Relatos recentes indicam que crianças ucranianas, vítimas de sequestro por parte da Rússia, foram enviadas a um centro de recreação na Coreia do Norte. Essa ação é vista por especialistas e grupos de direitos humanos como uma tentativa de manipulação e exploração infantil pelo Kremlin.
De acordo com o Centro Regional de Direitos Humanos da Ucrânia (RCHR), uma especialista jurídica, Kateryna Rashevska, revelou que duas jovens foram levadas ao acampamento Songdowon, localizado na cidade portuária de Wonsan. Essas menores, identificadas como Misha, de 12 anos, oriunda da região ocupada de Donetsk, e Liza, de 16 anos, de Simferopol, na Crimeia, estavam acompanhadas de um grupo de crianças russas.
Criado em 1960 para receber filhos de países do bloco soviético, o espaço oferecia inicialmente atividades como parques aquáticos, futebol, academia e alojamento em dormitórios, promovendo recreação e intercâmbio cultural. Atualmente, no entanto, o local também serve para promover símbolos do regime de Kim Jong-un, além de reforçar a propaganda do governo norte-coreano. Segundo Rashevska, essas menores, além de serem consideradas vítimas de crimes de guerra, estão sendo utilizadas na propaganda russa.
A Ucrânia afirma que, desde o início do conflito, mais de 19.500 crianças foram sequestradas, incluindo casos confirmados pela própria nação. Contudo, essa cifra pode não refletir a totalidade do desaparecimento, uma vez que as informações sobre Misha e Liza só foram recentemente coletadas, o que sugere que seus nomes não fazem parte desses números oficiais.
Rashevska destaca que ainda não há provas suficientes para classificar esses casos como deportações ilegais, mas alerta para outras possíveis violações dos direitos infantis, envolvendo doutrinação política, militarização, uso em propaganda e violações dos direitos de identidade, lazer e do princípio do melhor interesse da criança, conforme a normativa internacional.
Além do acampamento na Coreia do Norte, o RCHR indica a existência de outros 165 locais utilizados por Moscou para abrigar menores, na maior parte na Rússia e Belarus. O fortalecimento da aliança entre Moscou e Pyongyang, intensificado após a invasão da Ucrânia em fevereiro de 2022, aprofundou as ações conjuntas. A Coreia do Norte forneceu armas e tropas para o conflito, enquanto a Rússia respondeu com apoio logístico, alimentos, combustíveis e tecnologia militar.

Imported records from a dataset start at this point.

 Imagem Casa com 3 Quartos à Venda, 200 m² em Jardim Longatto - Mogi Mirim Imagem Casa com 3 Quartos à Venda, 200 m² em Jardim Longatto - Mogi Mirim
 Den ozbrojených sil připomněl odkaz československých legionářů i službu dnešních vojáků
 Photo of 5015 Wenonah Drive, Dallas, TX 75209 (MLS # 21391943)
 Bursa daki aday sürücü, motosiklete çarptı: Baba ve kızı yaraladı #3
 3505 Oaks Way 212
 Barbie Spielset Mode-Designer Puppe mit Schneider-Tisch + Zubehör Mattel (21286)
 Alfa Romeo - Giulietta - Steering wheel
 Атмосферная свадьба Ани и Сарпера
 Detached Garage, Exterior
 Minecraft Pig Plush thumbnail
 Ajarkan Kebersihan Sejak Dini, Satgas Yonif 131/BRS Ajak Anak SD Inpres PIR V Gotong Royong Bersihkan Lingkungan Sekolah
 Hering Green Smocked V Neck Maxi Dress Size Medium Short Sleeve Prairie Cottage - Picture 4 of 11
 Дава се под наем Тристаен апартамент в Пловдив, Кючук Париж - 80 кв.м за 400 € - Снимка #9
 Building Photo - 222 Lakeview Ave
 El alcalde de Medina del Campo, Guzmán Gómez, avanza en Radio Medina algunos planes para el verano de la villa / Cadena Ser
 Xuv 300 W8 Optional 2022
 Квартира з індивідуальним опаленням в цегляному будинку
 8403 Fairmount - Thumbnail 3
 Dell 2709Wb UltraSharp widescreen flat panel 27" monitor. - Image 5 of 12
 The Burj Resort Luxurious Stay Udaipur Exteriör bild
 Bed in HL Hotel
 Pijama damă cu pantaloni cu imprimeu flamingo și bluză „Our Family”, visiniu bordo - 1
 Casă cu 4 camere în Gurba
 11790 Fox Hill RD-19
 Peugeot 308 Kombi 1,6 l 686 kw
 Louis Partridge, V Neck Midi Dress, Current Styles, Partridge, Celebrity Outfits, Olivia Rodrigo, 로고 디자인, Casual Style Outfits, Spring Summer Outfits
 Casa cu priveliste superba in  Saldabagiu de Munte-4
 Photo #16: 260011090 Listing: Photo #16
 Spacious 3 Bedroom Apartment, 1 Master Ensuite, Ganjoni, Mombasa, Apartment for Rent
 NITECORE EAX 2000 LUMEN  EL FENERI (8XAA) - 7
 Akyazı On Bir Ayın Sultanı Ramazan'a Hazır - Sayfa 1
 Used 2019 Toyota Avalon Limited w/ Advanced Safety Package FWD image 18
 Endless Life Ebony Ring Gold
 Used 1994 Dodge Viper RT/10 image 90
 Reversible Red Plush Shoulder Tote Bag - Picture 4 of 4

Rashevska explicou que as duas menores, posteriormente retornadas à Ucrânia ocupada, estavam originalmente na instalação de Songdowon, onde foram submetidas a doutrinação e atividades recreativas carregadas de propaganda, incluindo cartazes e slogans contra o imperialismo.
Essas ações reforçam a crescente cooperação entre os regimes, que também passam a organizar visitas de turistas, empresários e estudantes. Especialistas como Dan Pinkston, professor de Relações Internacionais na Troy University de Seul, interpretam o acampamento como uma espécie de rito de passagem para jovens norte-coreanos, onde atividades recreativas convivem com forte doutrinação ideológica. Pinkston acredita que as crianças ucranianas enviadas à Coreia do Norte podem estar passando por testes de maior doutrinação, como uma forma de recompensa por bom comportamento, uma estratégia que deve se repetir no futuro. Por outro lado, alguns analistas consideram essas ações unicamente como parte da propaganda russa. Andrei Lankov, professor de história e relações internacionais na Universidade Kookmin, em Seul, descreve a visita como uma manipulação descarada por parte dos envolvidos. Independentemente das motivações de Kim Jong-un e Vladimir Putin, Rashevska ressalta que a comunidade internacional precisa intensificar os esforços para proteger os jovens ucranianos.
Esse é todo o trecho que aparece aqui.